— TASK DESCRIPTION —
Every entry that follows should be repeated exactly; drop the images.

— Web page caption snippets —

====

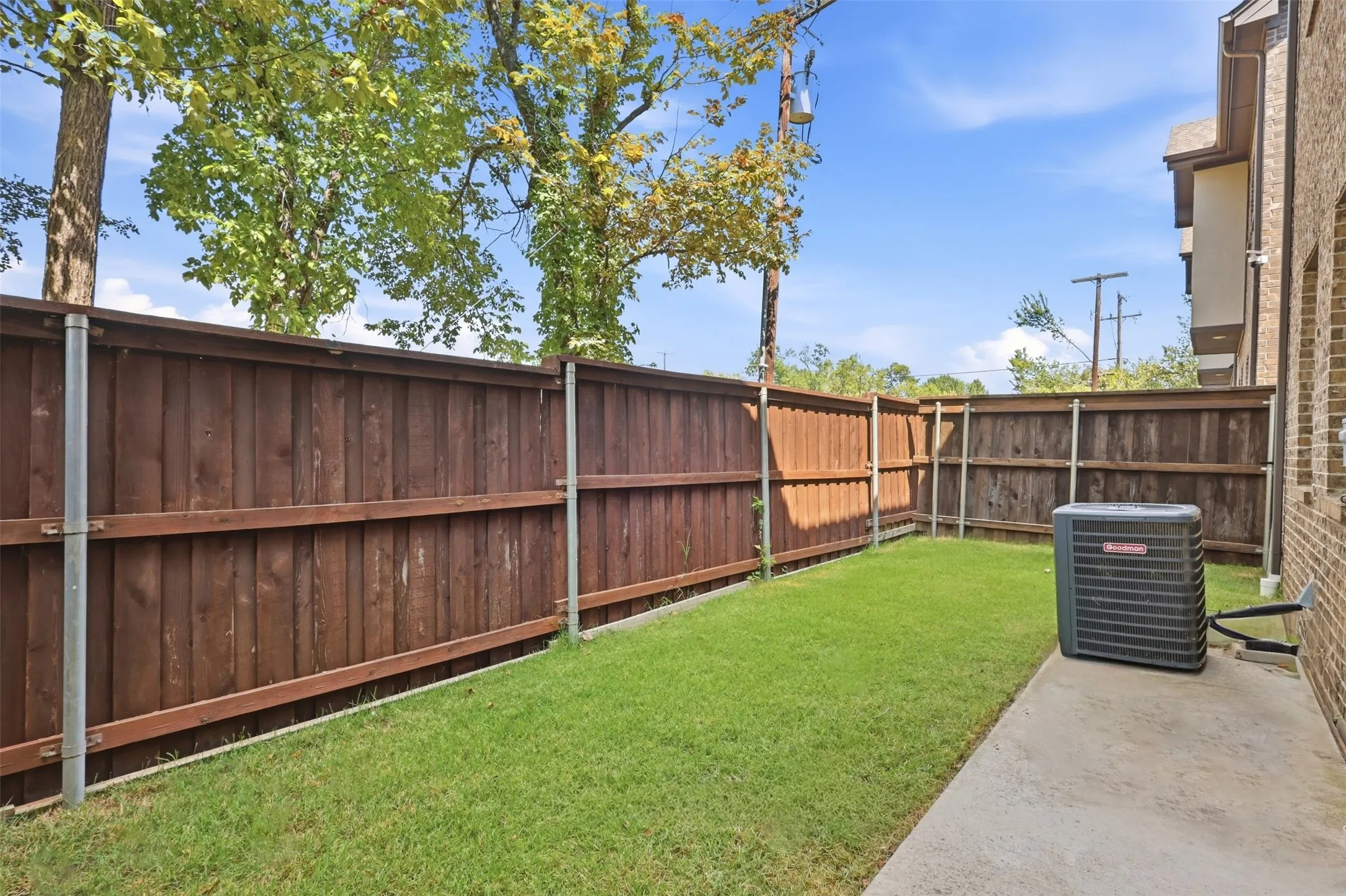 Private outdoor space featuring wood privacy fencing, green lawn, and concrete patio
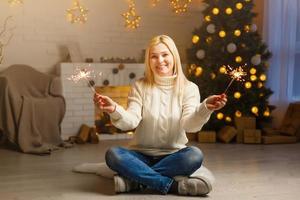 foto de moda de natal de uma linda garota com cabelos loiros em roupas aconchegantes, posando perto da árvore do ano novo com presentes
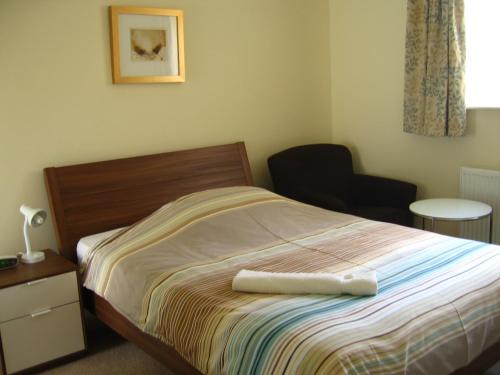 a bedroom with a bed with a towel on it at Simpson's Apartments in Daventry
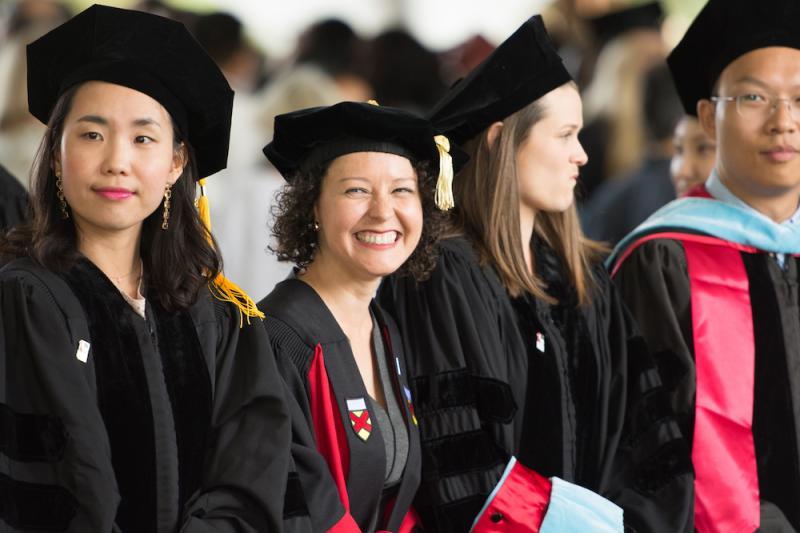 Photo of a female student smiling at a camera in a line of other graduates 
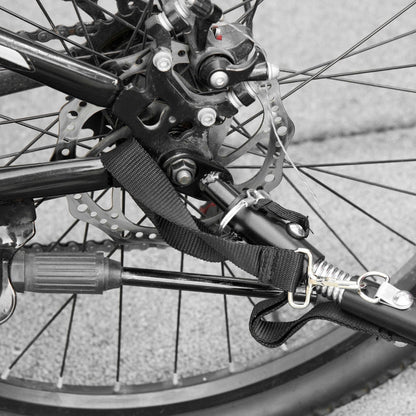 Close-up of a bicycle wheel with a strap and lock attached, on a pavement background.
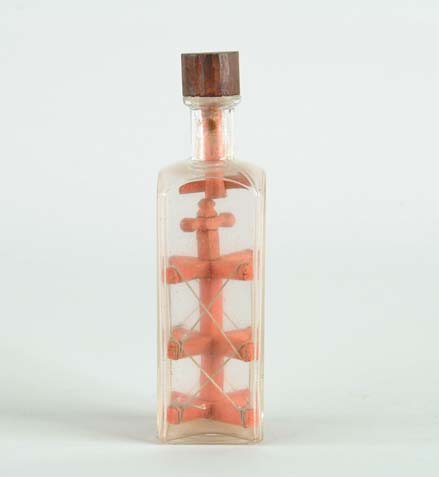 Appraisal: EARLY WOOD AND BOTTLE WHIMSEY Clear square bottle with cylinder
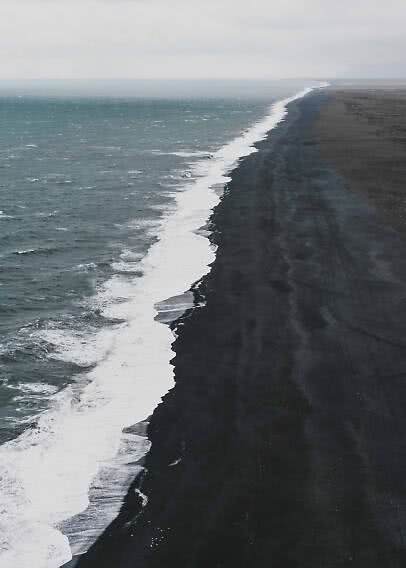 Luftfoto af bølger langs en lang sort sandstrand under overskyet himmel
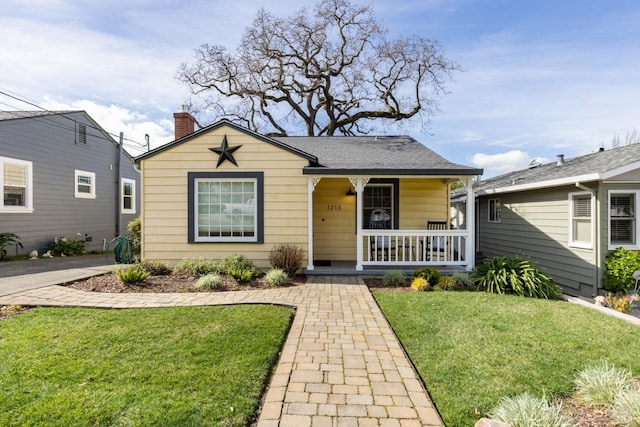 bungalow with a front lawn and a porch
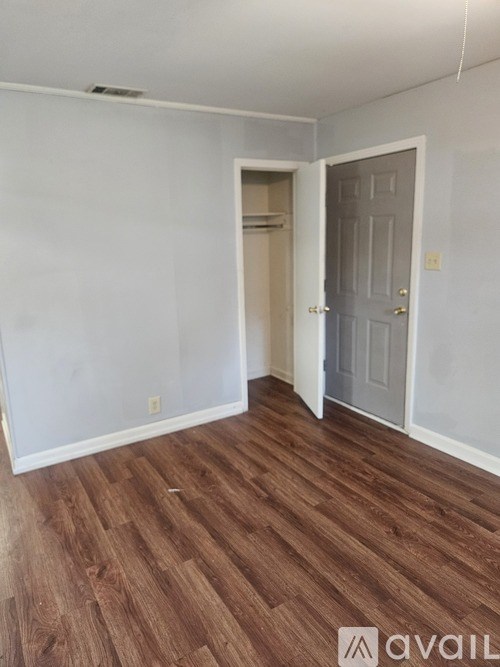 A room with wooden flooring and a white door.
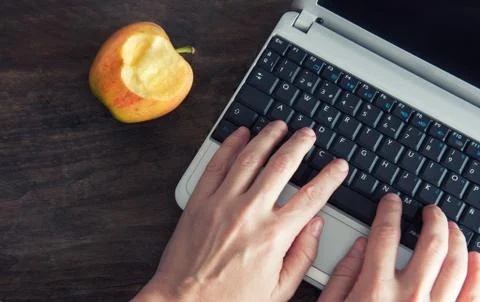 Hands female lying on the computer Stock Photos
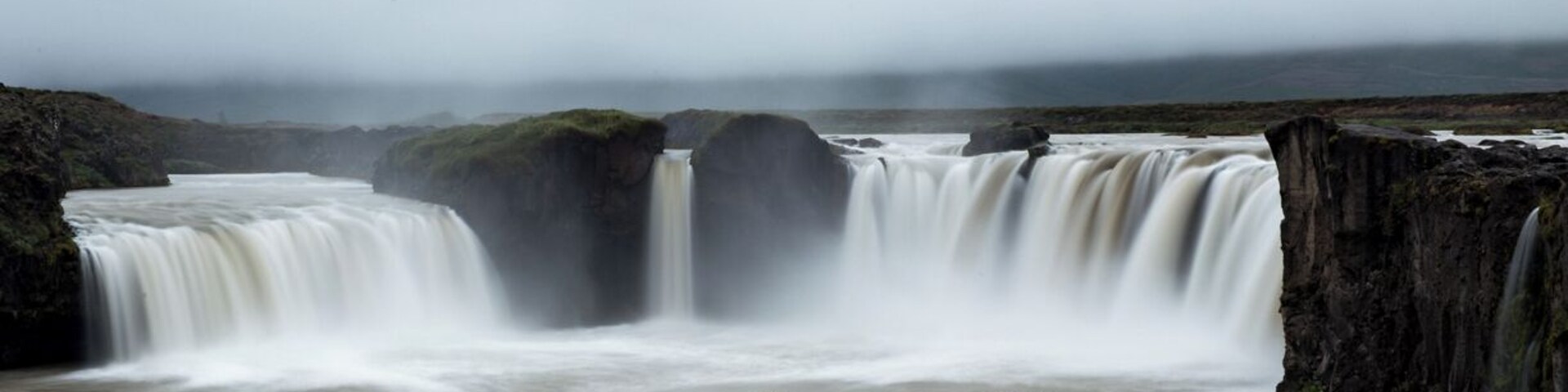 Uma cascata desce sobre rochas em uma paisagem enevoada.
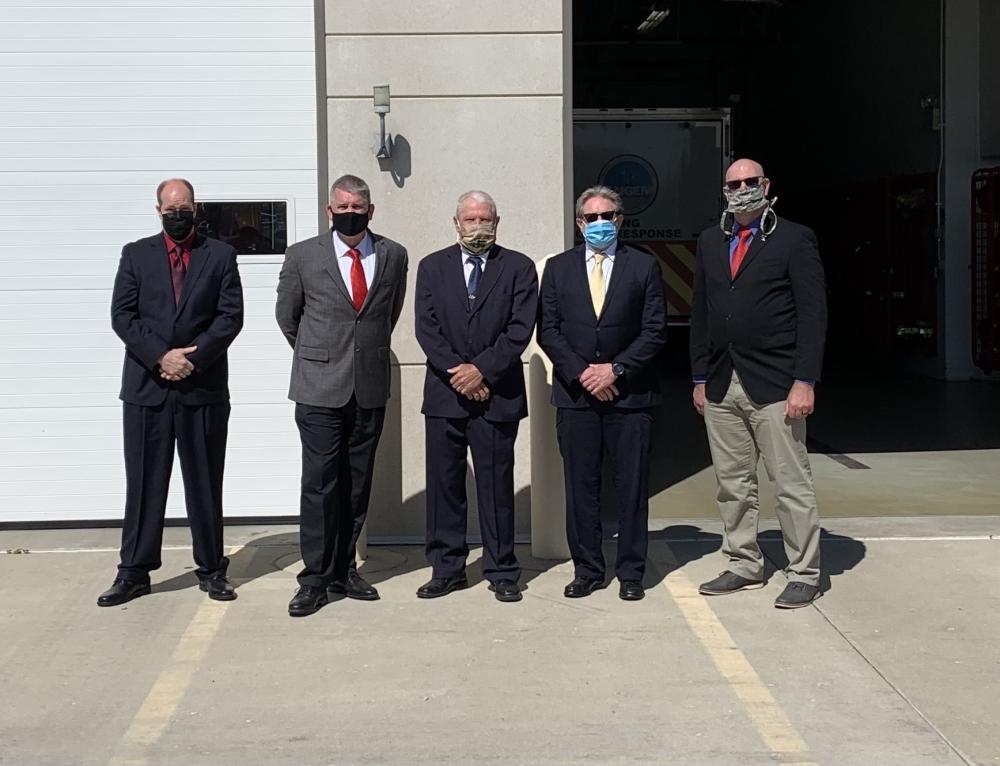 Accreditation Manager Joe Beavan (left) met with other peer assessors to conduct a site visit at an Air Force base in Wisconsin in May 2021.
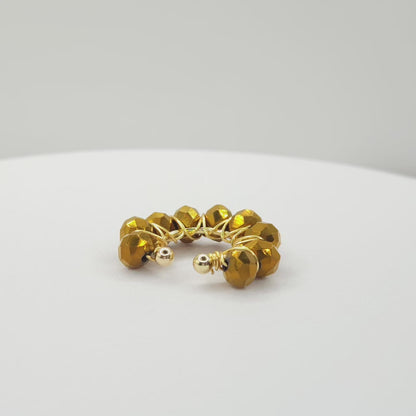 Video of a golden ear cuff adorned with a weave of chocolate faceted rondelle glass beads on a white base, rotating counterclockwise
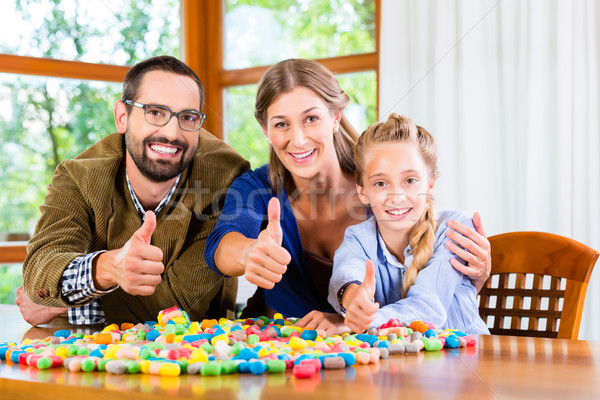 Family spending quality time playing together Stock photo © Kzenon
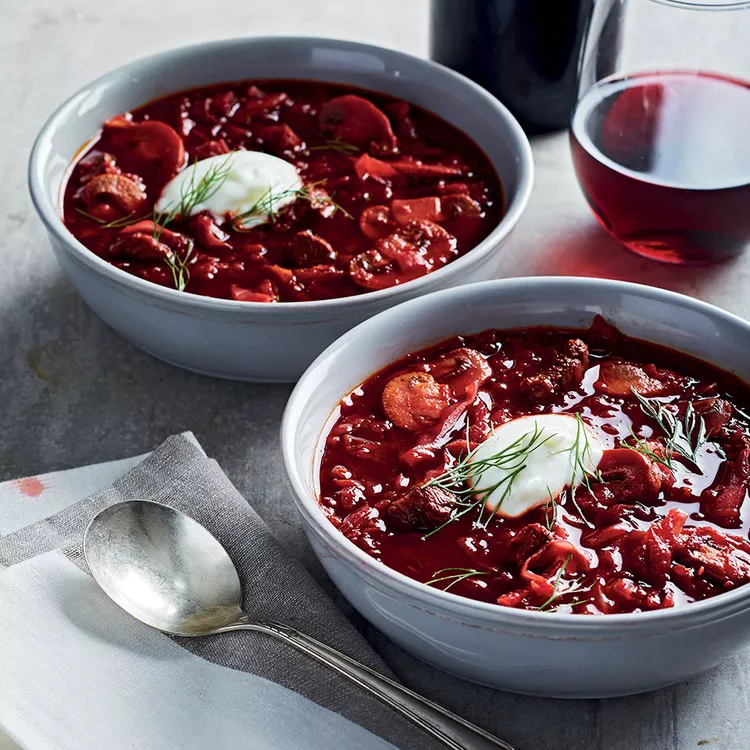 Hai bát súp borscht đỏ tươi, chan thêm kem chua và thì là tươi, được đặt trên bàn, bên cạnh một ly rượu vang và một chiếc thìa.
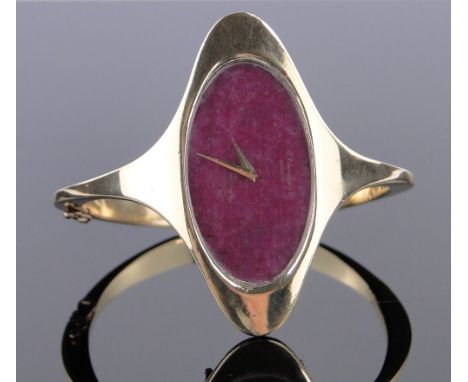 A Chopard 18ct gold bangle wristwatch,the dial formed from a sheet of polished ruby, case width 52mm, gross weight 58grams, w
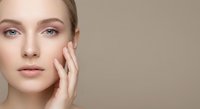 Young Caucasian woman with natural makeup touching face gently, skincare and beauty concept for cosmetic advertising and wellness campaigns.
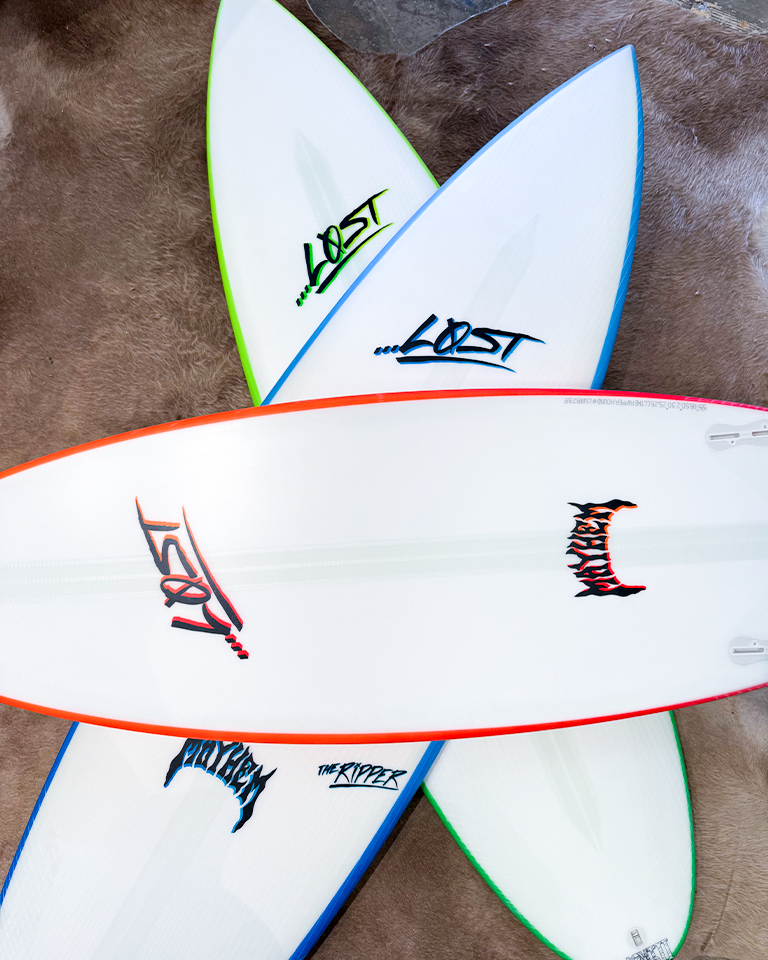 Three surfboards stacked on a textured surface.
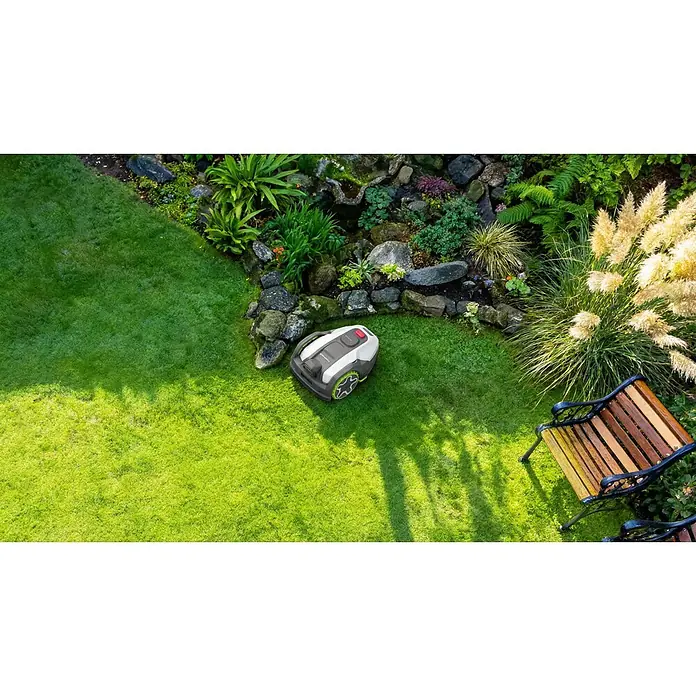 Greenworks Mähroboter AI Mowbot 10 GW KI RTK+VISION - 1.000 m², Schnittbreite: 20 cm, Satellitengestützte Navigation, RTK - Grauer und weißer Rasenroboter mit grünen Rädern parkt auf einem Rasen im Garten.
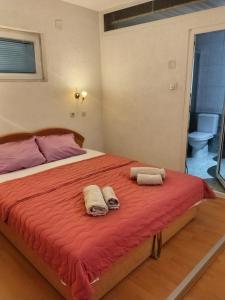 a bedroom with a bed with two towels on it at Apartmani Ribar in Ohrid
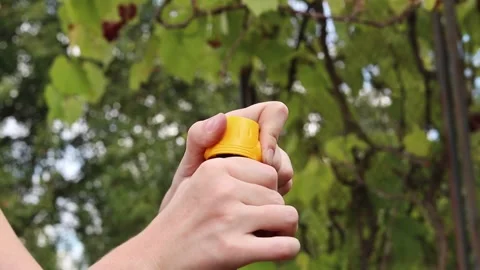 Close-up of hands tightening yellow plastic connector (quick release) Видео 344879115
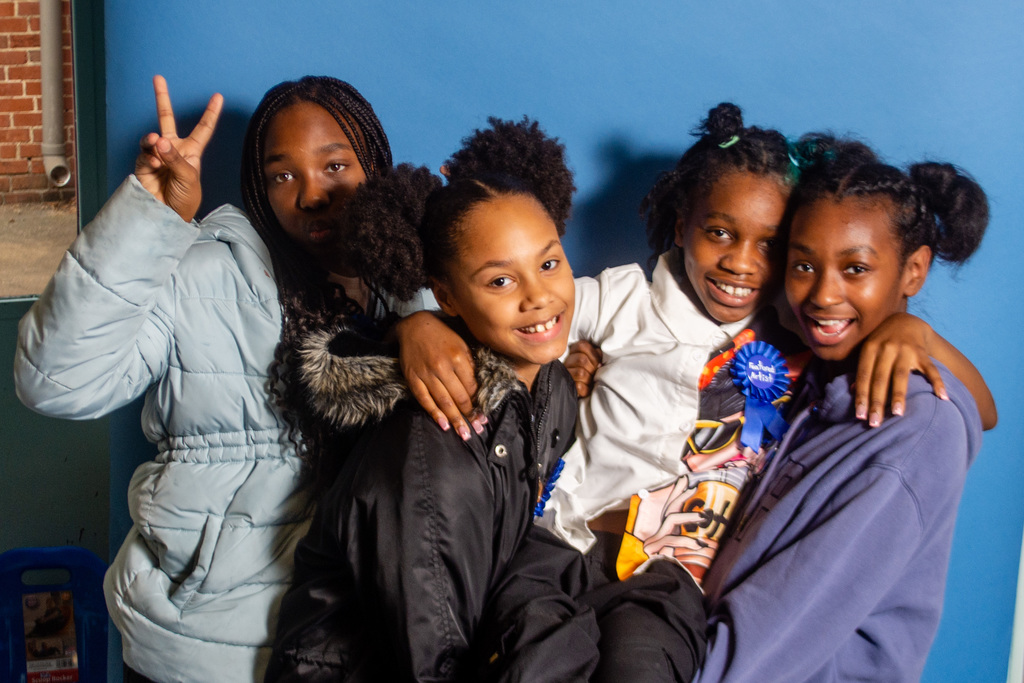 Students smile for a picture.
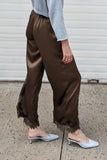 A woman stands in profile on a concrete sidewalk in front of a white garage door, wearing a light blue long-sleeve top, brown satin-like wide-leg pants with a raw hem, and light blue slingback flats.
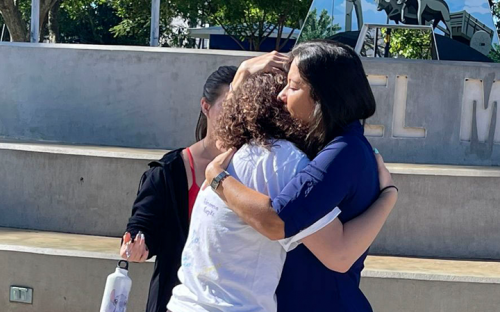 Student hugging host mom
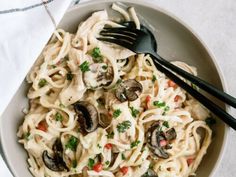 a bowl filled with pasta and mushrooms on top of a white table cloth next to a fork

====

— ANSWER FOR THIS EXERCISE —
 Private outdoor space featuring wood privacy fencing, green lawn, and concrete patio
 foto de moda de natal de uma linda garota com cabelos loiros em roupas aconchegantes, posando perto da árvore do ano novo com presentes
 a bedroom with a bed with a towel on it at Simpson's Apartments in Daventry
 Photo of a female student smiling at a camera in a line of other graduates 
 Close-up of a bicycle wheel with a strap and lock attached, on a pavement background.
 Appraisal: EARLY WOOD AND BOTTLE WHIMSEY Clear square bottle with cylinder
 Luftfoto af bølger langs en lang sort sandstrand under overskyet himmel
 bungalow with a front lawn and a porch
 A room with wooden flooring and a white door.
 Hands female lying on the computer Stock Photos
 Uma cascata desce sobre rochas em uma paisagem enevoada.
 Accreditation Manager Joe Beavan (left) met with other peer assessors to conduct a site visit at an Air Force base in Wisconsin in May 2021.
 Video of a golden ear cuff adorned with a weave of chocolate faceted rondelle glass beads on a white base, rotating counterclockwise
 Family spending quality time playing together Stock photo © Kzenon
 Hai bát súp borscht đỏ tươi, chan thêm kem chua và thì là tươi, được đặt trên bàn, bên cạnh một ly rượu vang và một chiếc thìa.
 A Chopard 18ct gold bangle wristwatch,the dial formed from a sheet of polished ruby, case width 52mm, gross weight 58grams, w
 Young Caucasian woman with natural makeup touching face gently, skincare and beauty concept for cosmetic advertising and wellness campaigns.
 Three surfboards stacked on a textured surface.
 Greenworks Mähroboter AI Mowbot 10 GW KI RTK+VISION - 1.000 m², Schnittbreite: 20 cm, Satellitengestützte Navigation, RTK - Grauer und weißer Rasenroboter mit grünen Rädern parkt auf einem Rasen im Garten.
 a bedroom with a bed with two towels on it at Apartmani Ribar in Ohrid
 Close-up of hands tightening yellow plastic connector (quick release) Видео 344879115
 Students smile for a picture.
 A woman stands in profile on a concrete sidewalk in front of a white garage door, wearing a light blue long-sleeve top, brown satin-like wide-leg pants with a raw hem, and light blue slingback flats.
 Student hugging host mom
 a bowl filled with pasta and mushrooms on top of a white table cloth next to a fork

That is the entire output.